* DIRECTIONS *
What you return must be the full data, repeated verbatim, with no pictures in it.

-- SUPPLIED INFORMATION follows --

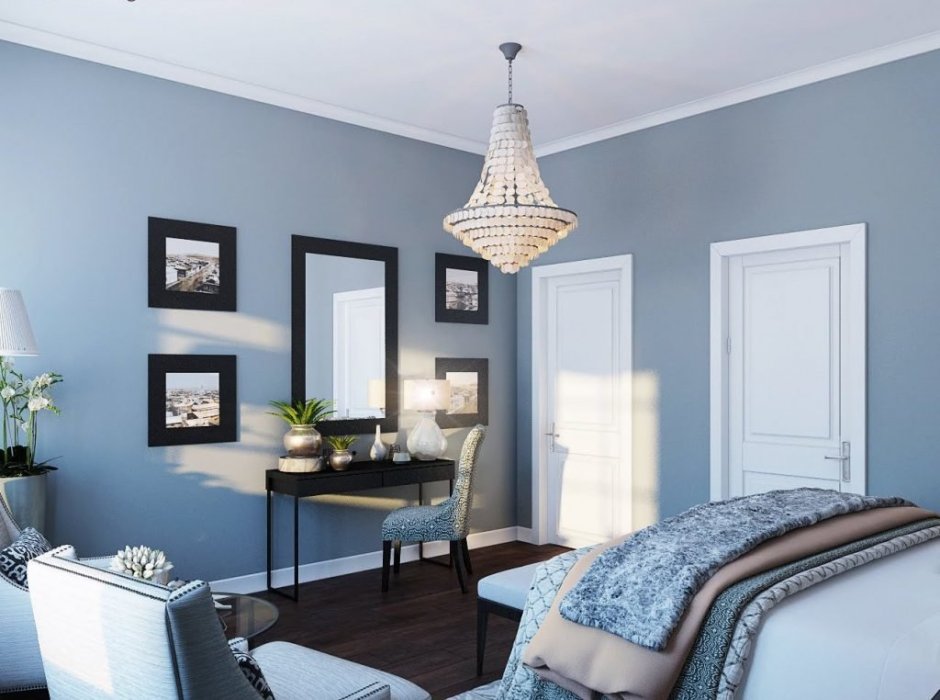 Серо голубые стены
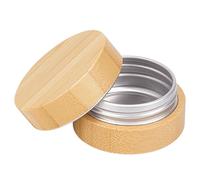 MAYJOYDIY 15ML Empty Refillable Cosmetic Jars with Bamboo Shell Aluminum Tin Jar with Screw Cap Smooth Wooden Cream Container Empty Sample Jar for Travel Storage Cosmetic Lip Balm Cream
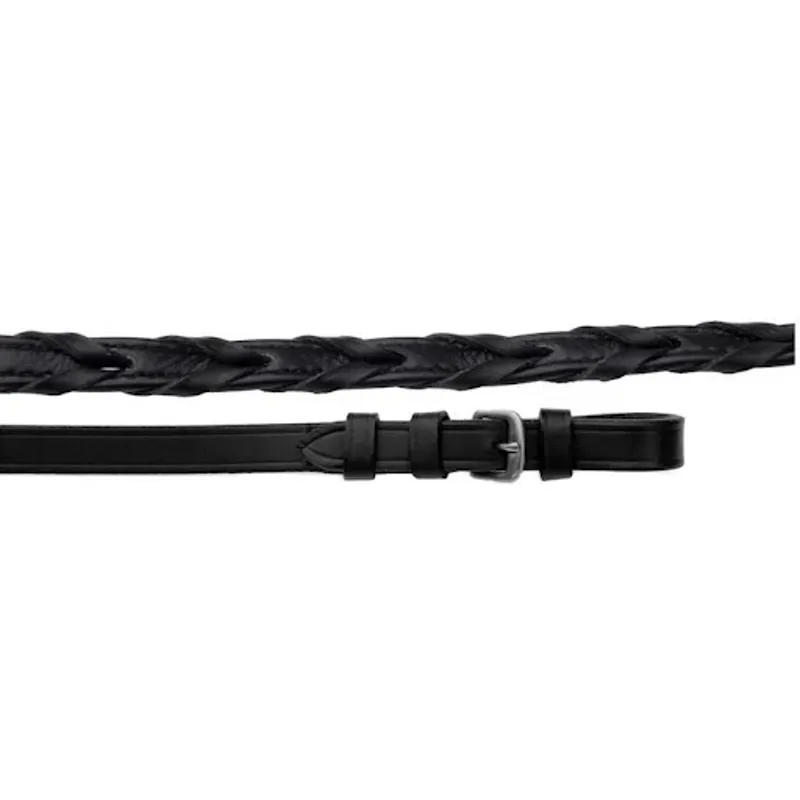 Rhinegold Softee Leather Laced Reins-Black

-- SUPPLIED INFORMATION concluded --

* SOLUTION *
 Серо голубые стены
 MAYJOYDIY 15ML Empty Refillable Cosmetic Jars with Bamboo Shell Aluminum Tin Jar with Screw Cap Smooth Wooden Cream Container Empty Sample Jar for Travel Storage Cosmetic Lip Balm Cream
 Rhinegold Softee Leather Laced Reins-Black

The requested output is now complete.